Cameco operates the McArthur River mine, which started production at the end of 1999. Its ore is milled at Key Lake, which once contributed 15% of world uranium production but is now mined out. Its other former mainstay is Rabbit Lake mine, which still has some reserves at Eagle Point mine, where mining resumed in mid-2002 after a three-year break. An underground reserve replacement program is adding to reserves faster than they are being mined.

Areva Resources Canada operates the McClean Lake mine, which started production in mid-1999. Its Cluff Lake mine has now closed, and is being decommissioned.

In December 2004, the Cigar Lake Joint Venture (AREVA Resources Canada 37.1%,
Cameco Corporation 50.025%, Idemitsu Uranium Exploration Canada Ltd. 7.875%, and
TEPCO Resources 5%) partners agreed to proceed with development of the Cigar Lake uranium mine -the second largest known high-grade uranium deposit in the world, after McArthur River. With federal and provincial approvals in place, full construction began in January 2005.

All of Canada's uranium production now comes from the high-grade unconformity-type uranium deposits of the Athabasca Basin of northern Saskatchewan, such as Rabbit Lake, McClean Lake, McArthur River, and Cigar Lake.

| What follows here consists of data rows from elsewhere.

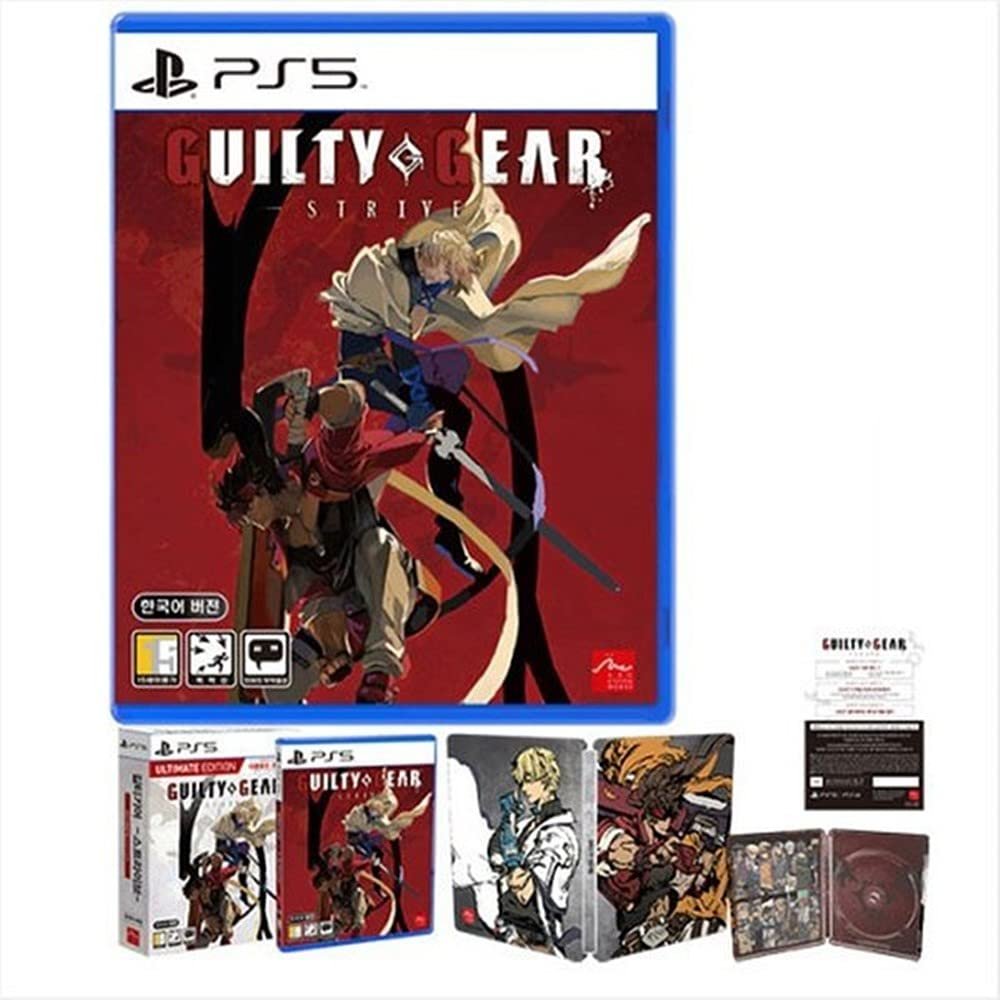 Guilty Gear Strive Ultimate Steelbook Korean Edition [English Support] for PS5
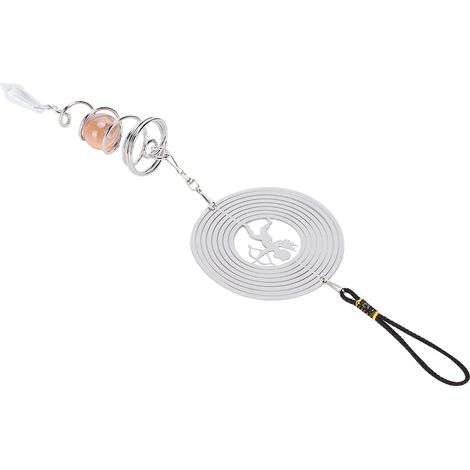 Carillon à vent rotatif en cristal, décoration suspendue avec motif Cupidon, cloche décorative pour église et cour, bijou de jardin extérieur (1/5)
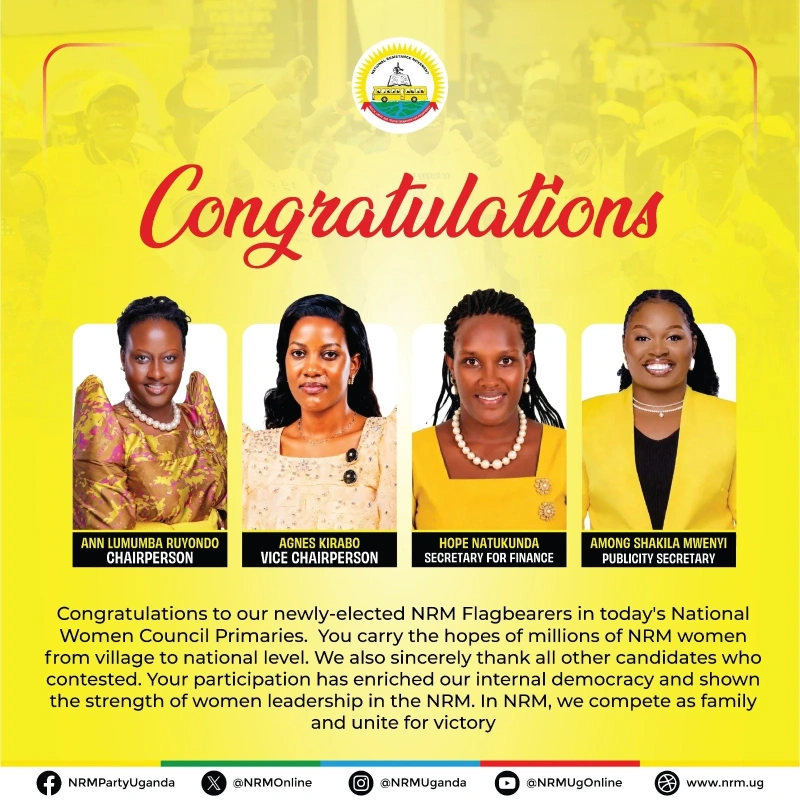 Breaking News Hon Agnes Kirabo Wins NRM National Women Council Vice Chairperson Seat - Kampala Media TV News Story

The uranium industry invested at least CDN $3.5 billion during the 20th century, with capital investment in mines of CDN $2.5 billion, and exploration and predevelopment expenditures exceeding CDN $1 billion. Adjusting for inflation, there have been three investment booms. The first small one came with the initial developments in the Beaverlodge area in the 1950s. The second and largest boom was in the 1970s, with the opening of the Cluff and Rabbit lake mines, and the third was in the 1990s with the development of the higher grade ores on the east side.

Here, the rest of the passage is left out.